Les années qui ont suivi ont vu le nombre de programmes disponibles augmenter de manière exponentielle. Des onze programmes en 2016 (six en suisse alémanique/un en suisse romande/cinq au Tessin), le nombre est passé à 20 début 2018 (11/4/5) et à 40 fin 2024 (20/15/5). L’étude nationale sur la réadaptation oncologique ambulatoire,12 menée entre 2018 et 2020, a identifié une similitude dans les objectifs et les groupes-cibles ainsi que dans les prestations de bases fournies. L’étude a toutefois aussi démontré des différences fondamentales. Celles-ci concernent principalement la durée des programmes et des thérapies, le nombre de modules obligatoires ou encore la communication et les flux d’informations internes. L’analyse par région linguistique a indiqué «qu’en Suisse alémanique et en Suisse italienne, des programmes modulaires individuels de plus longue durée mais de moindre intensité étaient offerts. Par contre, en Suisse romande, des programmes plus courts mais aussi plus intensifs sont plutôt proposés».12
Quels sont les défis de la réadaptation en Suisse?
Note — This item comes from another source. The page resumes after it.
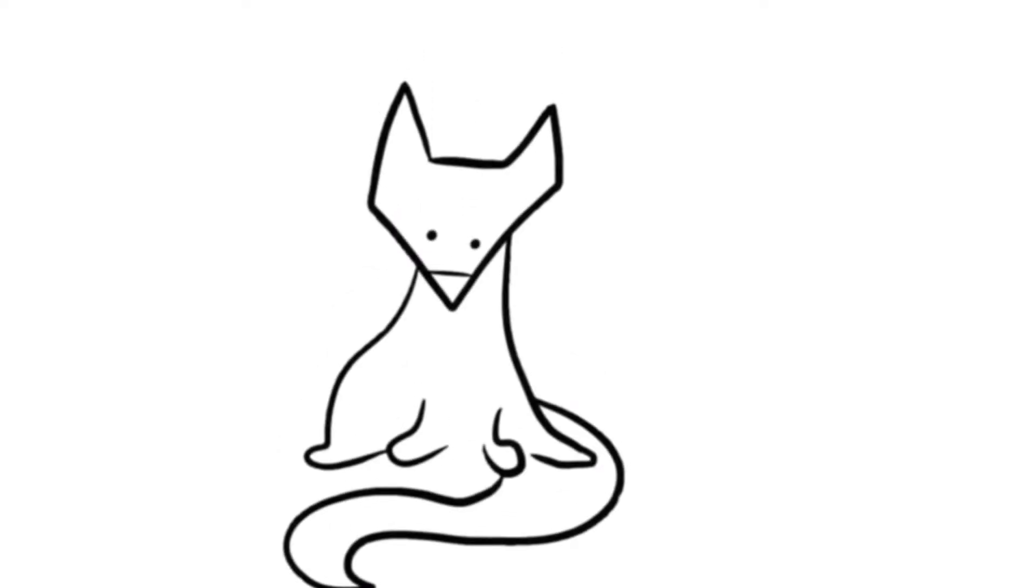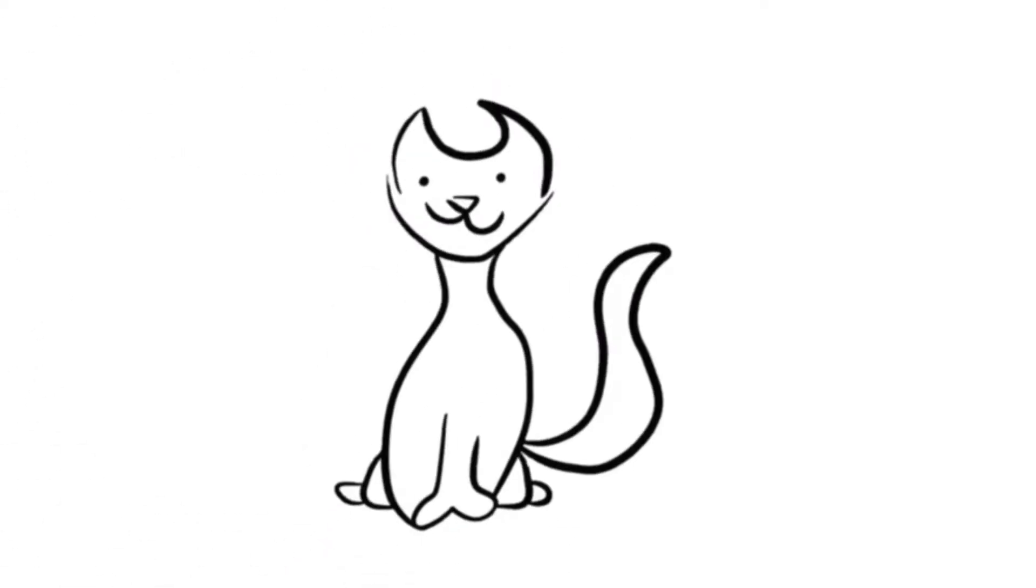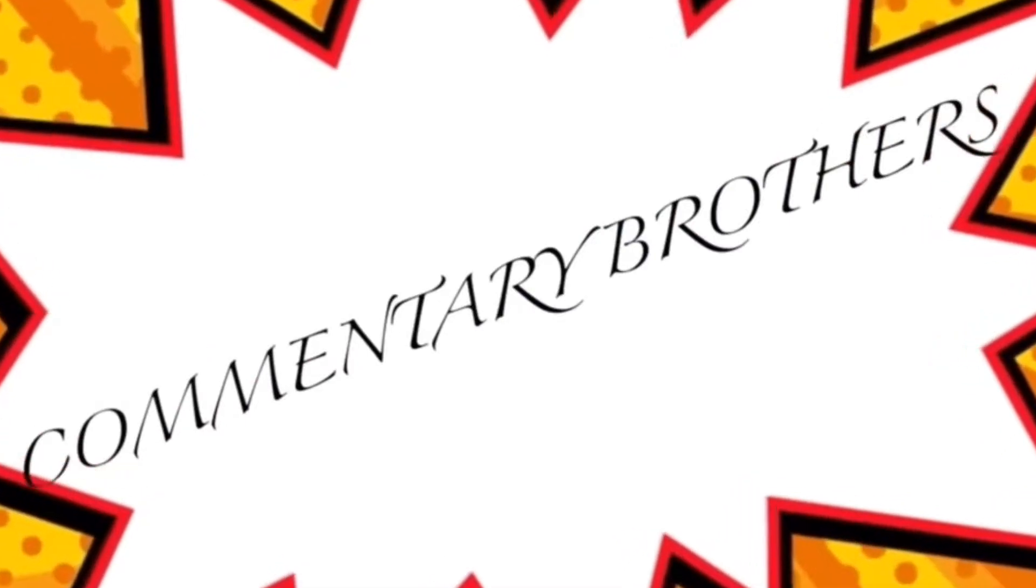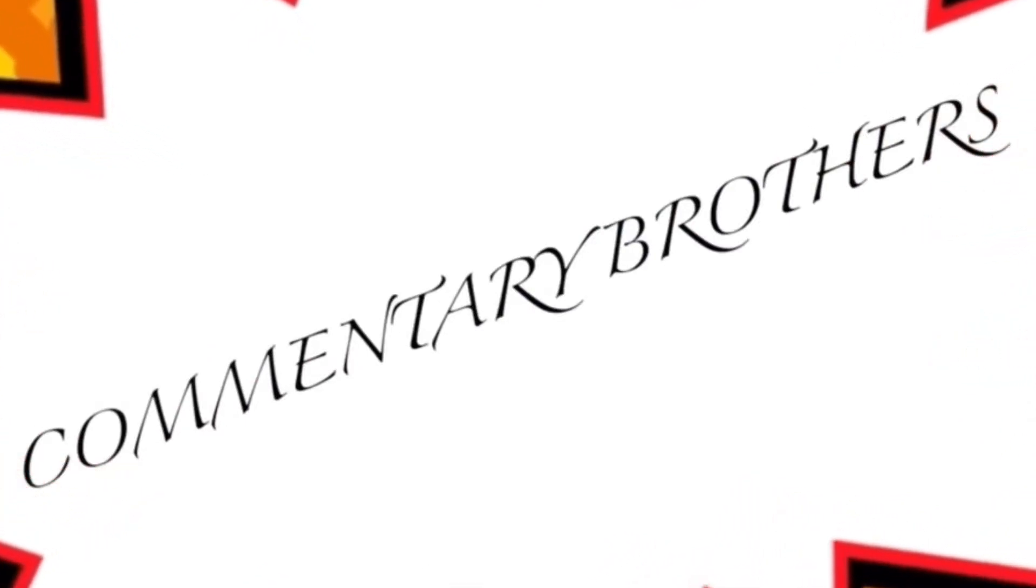Hi, I'm Meep. And I'm Yeet! And they are the Commentary Program!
Malgré une forte croissance et une implantation réussie sur l’ensemble du territoire suisse, la réadaptation oncologique ambulatoire doit faire encore face à certains défis, notamment en matière d’accès. En effet, le nombre total de personnes bénéficiant d’un programme reste très faible en comparaison du nombre de personnes touchées par la maladie chaque année et qui pourraient idéalement pouvoir en profiter. Une des raisons probables serait une méconnaissance sur les bienfaits de la réadaptation mais aussi sur l’offre disponible de la part des professionnelles et professionnels de la santé et des prescripteurs. La Ligue suisse contre le cancer propose depuis 2016 un aperçu des programmes disponibles ainsi que certaines informations de base (Fig. 2).**
Fig. 2: Capture d’écran de l’offre de réadaptions en Suisse (état novembre 2024)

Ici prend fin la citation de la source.